Auktion: 470 / Kunst nach 1945 I am 09.06.2018 in München Lot 877

 

877
Gerhard Richter
Ohne Titel (9.12.96), 1996.
Öl
Schätzung:
€ 150.000
Ergebnis:
€ 256.250

(inkl. Käuferaufgeld)
Ohne Titel (9.12.96). 1996.
Öl.
Rechts unten signiert und datiert. Auf Karton. 21 x 30 cm (8,2 x 11,8 in) , Blattgröße.

Die vorliegende Arbeit ist im Online-Katalog der Arbeiten Öl auf Papier verzeichnet.

PROVENIENZ: Privatsammlung Süddeutschland.

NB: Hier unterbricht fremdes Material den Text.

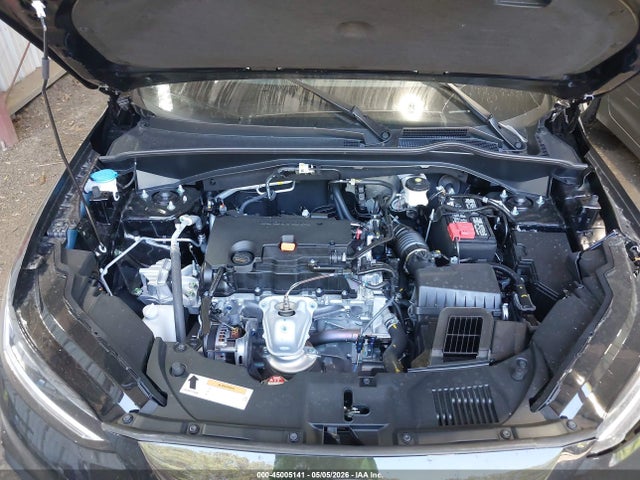 Auction sale of the 2026 Honda Hr-v Awd Lx, vin: 3CZRZ2H38TM758834, lot number: 45005141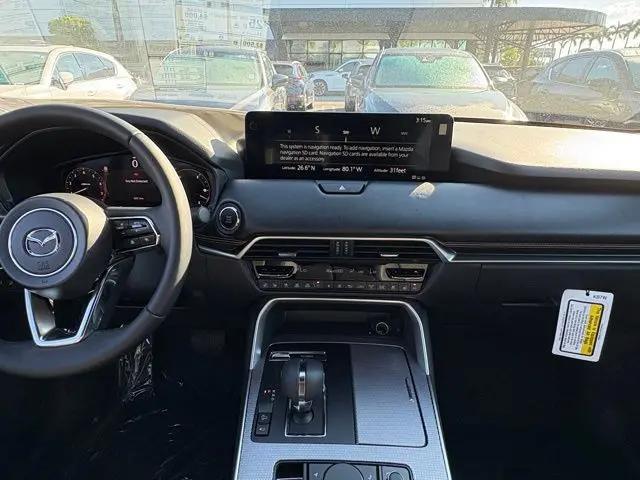 2026 Mazda X-90 3.3 Turbo S Premium Sport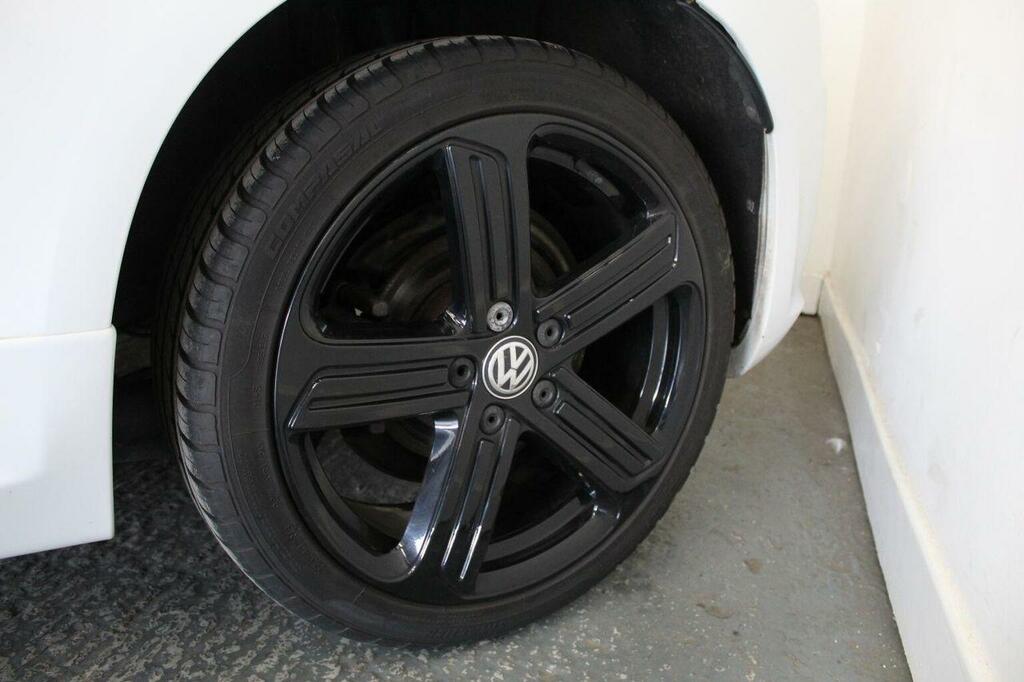 Volkswagen Scirocco 2.0 Tdi 184 Bmt R-line 19 Inch Alloys Nav Grey #46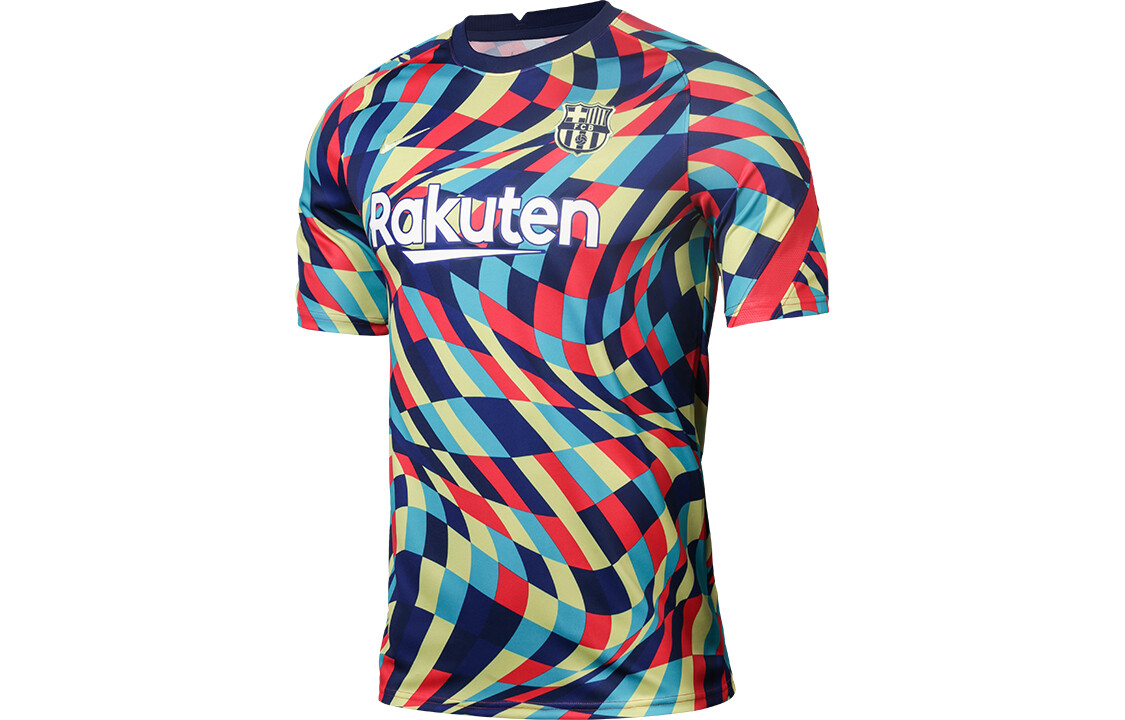 

Футболка мужская многоцветная Nike, цвет Multicolor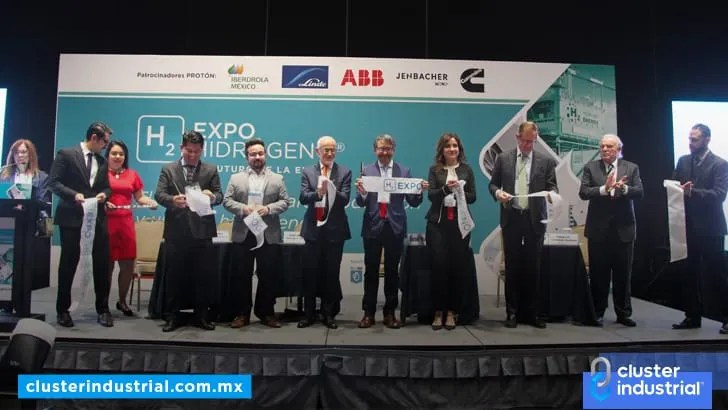 El Nearshoring es aliado del hidrógeno verde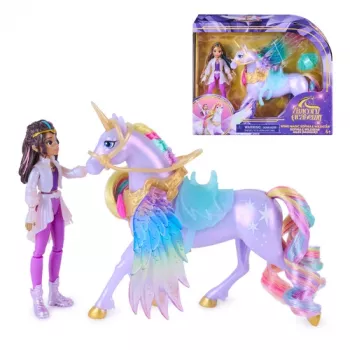 Spin Master Unicorn Academy Wing Magic Sophia & Wildstar Spielset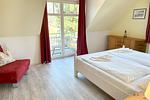 Zugang zum Nordbalkon - Holiday 2 - Top-Hundeurlaub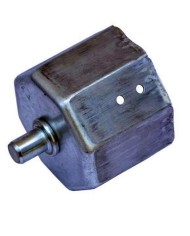 CAPSULA EJE PERSIANA 60 MM. METALICA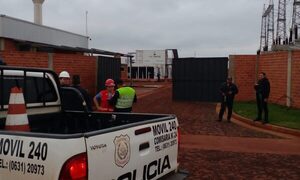Explosión de transformador deja cuatro heridos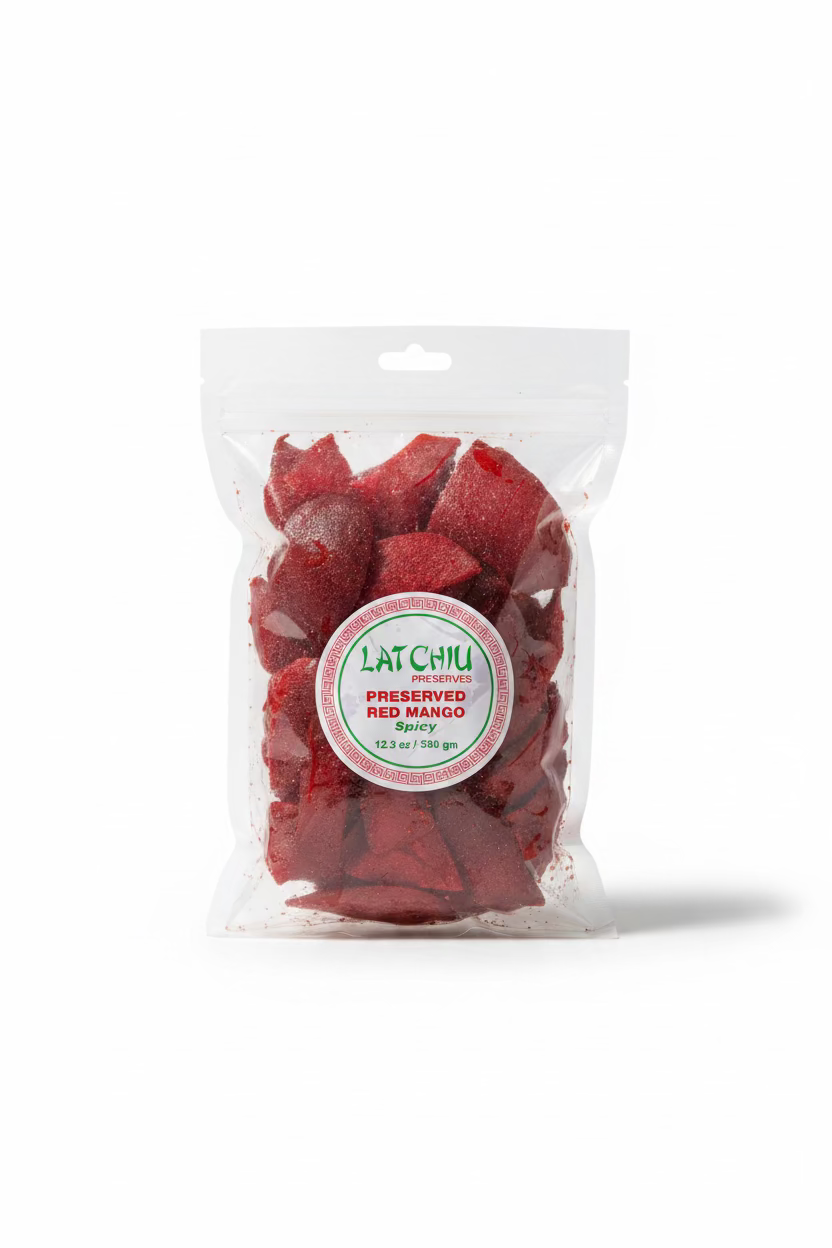 LAT CHIU RED MANGO SPICY 12,3oz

"Abstrakte Bilder sind fiktive Modelle, weil sie eine Wirklichkeit veranschaulichen, die wir weder sehen noch beschreiben können, auf deren Existenz wir aber schließen können."
Gerhard Richter, zit. nach: Katalog documenta 7, 1982, S. 84.

Richter benutzt bewusst das Prinzip des Zufalls in seiner Arbeit. "Ich habe eben nicht ein ganz bestimmtes Bild vor Augen, sondern möchte am Ende ein Bild erhalten, das ich gar nicht geplant hatte. Also, diese Arbeitsmethode mit Willkür, Zufall, Einfall und Zerstörung läßt zwar einen bestimmten Bildtypus entstehen, aber nie ein vorherbestimmtes Bild." (Zit. nach Hubertus Butin und Stefan Gronert, Gerhard Richter. Editionen 1965-2004, Ostfildern-Ruit 2004, S. 35/36) Die entstehende Komposition ist nicht vorhersehbar, sie ist Teil einer gestalterischen Entwicklung. Die pastose Farbstruktur zeigt eine abstrakte materialbezogene Behandlung der Farbe, so dass das Resultat der Erscheinung stets auf den Prozess seiner Entstehung verweist. Richter übergibt die künstlerische Kontrolle dem Medium der Farbe: wie in dem uns vorliegenden Werk mittels Abklatschens einer pastosen Farbstruktur auf Papier. Durch diesen Arbeitsprozess entstehen amorphe Gebilde, die dem Werk einen reliefartigen, fragilen Charakter verleihen und zusätzlich ein haptisches Element in die Komposition bringen. Diese Arbeitsweise gibt Richter die Freiheit, als Subjekt zurückzutreten und Material und Farbe die bestimmende Kraft zu überlassen, ein Anliegen, das maßgeblich sein künstlerisches Schaffen bestimmt. Trotz einer der Abstraktion verhafteten Bildsprache haben die Werke immer einen realistischen Bezug. Bilder stellen immer etwas dar, wir lesen die Bilder, dies ist schon immer eine natürliche Eigenschaft von Kunstrezeption, welche auch der Intention von Gerhard Richter entspricht. Er gibt seinen abstrakten Bildern teilweise assoziative Titel oder konzentriert - wie in unserem Werk - den Titel auf ein Datum, und der Betrachter wird mit seinen Gedanken allein gelassen. Entstanden ist unser Bild am 9.12.1996, man vermutet einen klaren, kalten Wintertag. Frisch gefallener Schnee wird von einem leichten Wind verwirbelt. Die fast sakral wirkende Arbeit transportiert diese gedämpfte leise Stimmung, in der die Welt ganz friedlich erscheint. Gerhard Richter gelingt eine neue Form der abstrakten Malerei, deren Ausdrucksformen bereits ausgeschöpft schienen, und schafft Bilder, die eine eigenständige visuelle Erfahrungsmöglichkeit bieten. [SM]



877
Gerhard Richter
Ohne Titel (9.12.96), 1996.
Öl
Schätzung:
€ 150.000
Ergebnis:
€ 256.250

(inkl. Käuferaufgeld)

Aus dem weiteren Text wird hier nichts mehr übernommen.